Another version is, Heaven: a British house, an American bank, a Chinese chef, and a Japanese wife. Hell: a Japanese house, a Chinese bank, a British chef, and an American wife.
I didn’t understand much of that, but I’m alright with it.
T-c, you don’t need to type an underscore.
I used “ridesaredhorse” and it worked just fine.
I’ve also noted that I don’t have to use a hyphen when I type your name. I’ve saved countless hyphens since I discovered that.
I may introduce a character with a hyphenated name in my next book. They’re starting to pile up.
I did not intend to start a ruckus. Today is not national ruckus day so it seems very improper!
Wow, Iz glad toknow aboout the under thing. Whereat is my apostrphe, anyway??
My niece has a dog named Ruckus.
That is I before E except after C but not before.
If there were a national ruckus day, we would take note of it by being particularly subdued and well-behaved on that day.
But that's only because we are staunch contrarians.
Causing a ruckus is not normally upsetting to us. It's one of the ways we acquire our dinosaurs.
The above is the aforementioned kitteh you were forewarned about.
And then there was Fernando Lamas, the father of Lorenzo Lamas. Married Ester Williams. Ricardo Montalban was forever a hot ticket!
I’ve never used hyphens or underscores when I type a name on FR.
The default is set, no matter what.
Fernando Lamas was worth a sigh. Also Cesar Romero.
We got the new mirror installed on the purple car, finally. And I planted the peppers and things we bought yesterday, with help from a pack of byos, Ash, and Jake. We planted catnip in my “experiment patch,” but it remains to be seen if the cats will dig all the seeds up before it can grow!
“I, his wife, rested in and was warmed in the sunlight of his loyal love and great fame, and now, even though his beautiful life has gone out, it is as if when some far-off planet disappears from the heavens; the light of his glorious fame still reaches out to me, falls upon me, and warms me.”

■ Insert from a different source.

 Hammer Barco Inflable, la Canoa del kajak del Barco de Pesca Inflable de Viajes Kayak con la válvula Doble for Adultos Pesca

~ Julia Dent (Mrs. General U.S.) Grant
Went to the library, no disasters. Tom and Bill have departed for the Diocesan Youth Conference. I stopped at Terry Simpson’s farm stand and got some tomatoes from Florida (probably the same ones my mom is buying in Florida) and some local strawberries. Terry’s grandson, whose name I’ve forgotten, said the tomatoes are really good.
We have returned from the grocery stores, impoverished in some respects, but our cupboards are now filled.
We’ve had some connectivity problems today. Seem to have resolved for now.
Goodnight and sweet dreams, y’all!
RARH: You've vertently or inadvertently wandered onto the Undead ThreadTM. I don't know exactly what it is, and I'm not entirely sure that it's perpetuators know exactly what it is either, but each day, the first post is a LOL-cat image, as best I can discern.
The fact that you've posted more than even one repartee here means that you're probably already over the Event Horizon and there is no ecscape (4Sheare), sans some form of Deus Ex Machina event. Even then, once the unions get involved, it's a sticky, time-consuming process to disentangle oneself.
Ive never used hyphens or underscores when I type a name on FR.
The default is set, no matter what.
I already used that shortcut to skip capitalization. Now you tell me that the same technique can be used to bypass hyphens and other meddlesome detritus. Given your tenure, I find myself gratefully. . . troubled, somehow.
Speaking of troubled, I was reading a John Derbyshire book called "We Are Doomed" recently (I bought it in response to his getting cut loose from NR) and ran across the word "abstruse".
Why do I get the feeling that there's an alternative definition for that word, dealing with some kind of profound mystery or epiphany related to the loss of one's erstwhile washboard midriff?
I don’t recall John Derbyshire’s getting a glimpse of my midriff, being as how I’m a fundamentalist frump type ... but if he had ...
If I had October 2002 to do over again, I’d have put in my name without the hyphen. I had only six children in those heady days, and I thought I had time to spare on extraneous keystrokes.